▸ **Entries provided**:

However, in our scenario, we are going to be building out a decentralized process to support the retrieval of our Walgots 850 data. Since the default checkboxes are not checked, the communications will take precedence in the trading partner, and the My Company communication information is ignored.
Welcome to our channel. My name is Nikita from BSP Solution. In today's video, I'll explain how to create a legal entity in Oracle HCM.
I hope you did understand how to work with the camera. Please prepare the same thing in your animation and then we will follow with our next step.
---
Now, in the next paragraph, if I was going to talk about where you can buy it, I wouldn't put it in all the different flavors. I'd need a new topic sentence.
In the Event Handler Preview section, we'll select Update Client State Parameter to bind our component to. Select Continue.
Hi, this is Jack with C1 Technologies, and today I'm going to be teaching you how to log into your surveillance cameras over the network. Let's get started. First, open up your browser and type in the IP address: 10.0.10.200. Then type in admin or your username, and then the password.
---
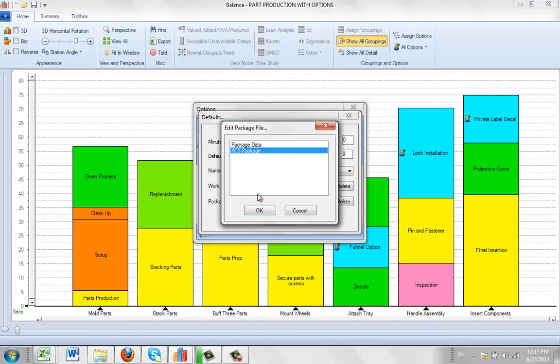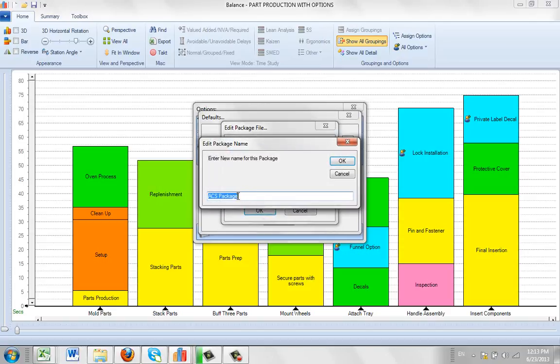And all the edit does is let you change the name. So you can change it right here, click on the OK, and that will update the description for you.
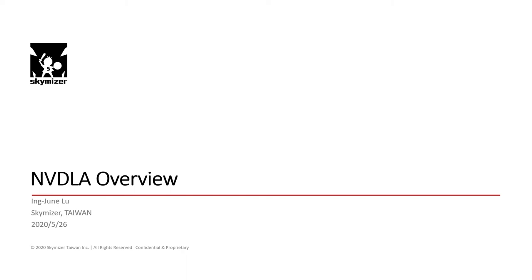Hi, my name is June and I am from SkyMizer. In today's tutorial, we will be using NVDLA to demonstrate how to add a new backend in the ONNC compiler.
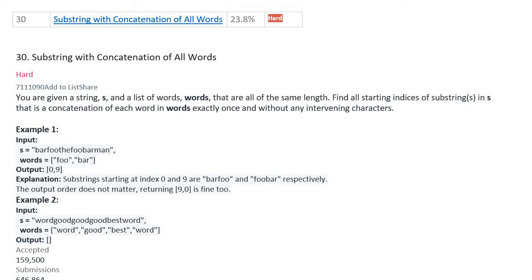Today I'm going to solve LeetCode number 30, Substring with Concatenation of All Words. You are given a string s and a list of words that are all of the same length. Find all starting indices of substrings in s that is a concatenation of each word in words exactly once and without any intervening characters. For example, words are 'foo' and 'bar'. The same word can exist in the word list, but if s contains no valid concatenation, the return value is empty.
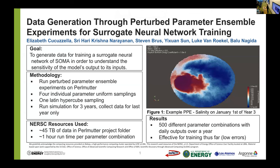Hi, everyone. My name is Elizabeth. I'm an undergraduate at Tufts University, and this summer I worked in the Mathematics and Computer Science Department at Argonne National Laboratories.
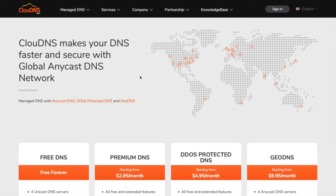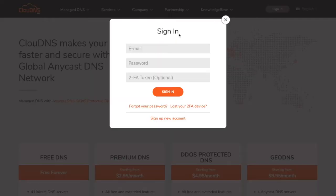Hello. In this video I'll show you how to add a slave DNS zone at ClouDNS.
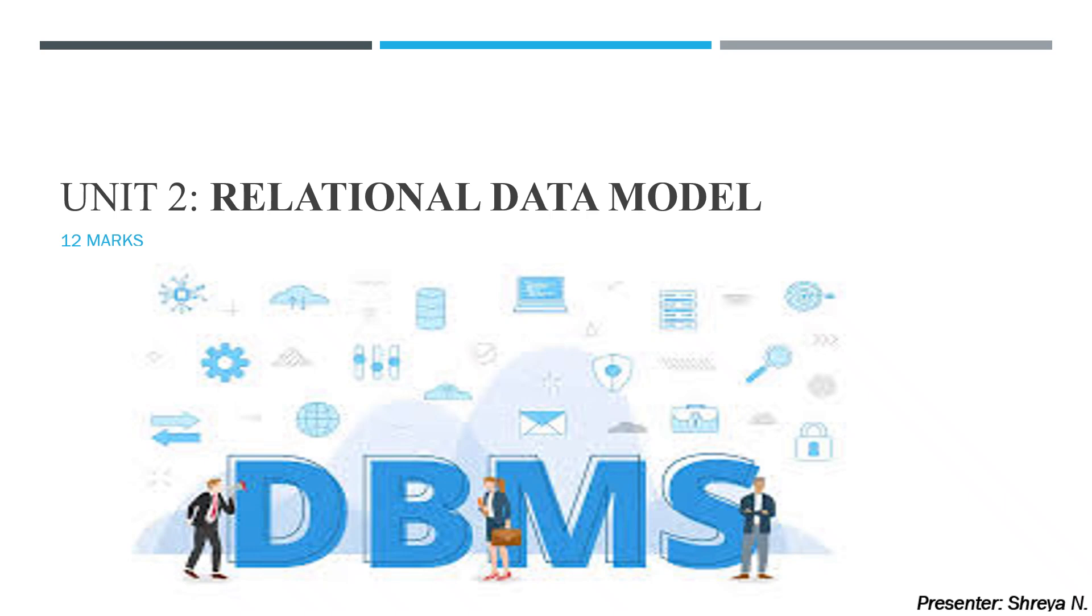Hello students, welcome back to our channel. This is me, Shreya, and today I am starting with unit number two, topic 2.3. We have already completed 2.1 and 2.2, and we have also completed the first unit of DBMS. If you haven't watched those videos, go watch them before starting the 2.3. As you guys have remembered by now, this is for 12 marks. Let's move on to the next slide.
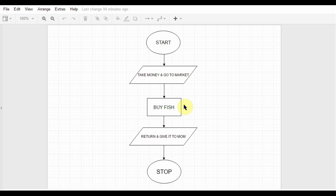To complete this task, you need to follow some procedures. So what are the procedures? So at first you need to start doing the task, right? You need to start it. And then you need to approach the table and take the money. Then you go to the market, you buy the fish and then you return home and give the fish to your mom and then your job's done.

▸ **Problem statement**: All lines above from the one with "In the Event" to the one with "Hi, this is", inclusive, should be copied exactly, and no other lines.

▸ **Task result**:
In the Event Handler Preview section, we'll select Update Client State Parameter to bind our component to. Select Continue.
Hi, this is Jack with C1 Technologies, and today I'm going to be teaching you how to log into your surveillance cameras over the network. Let's get started. First, open up your browser and type in the IP address: 10.0.10.200. Then type in admin or your username, and then the password.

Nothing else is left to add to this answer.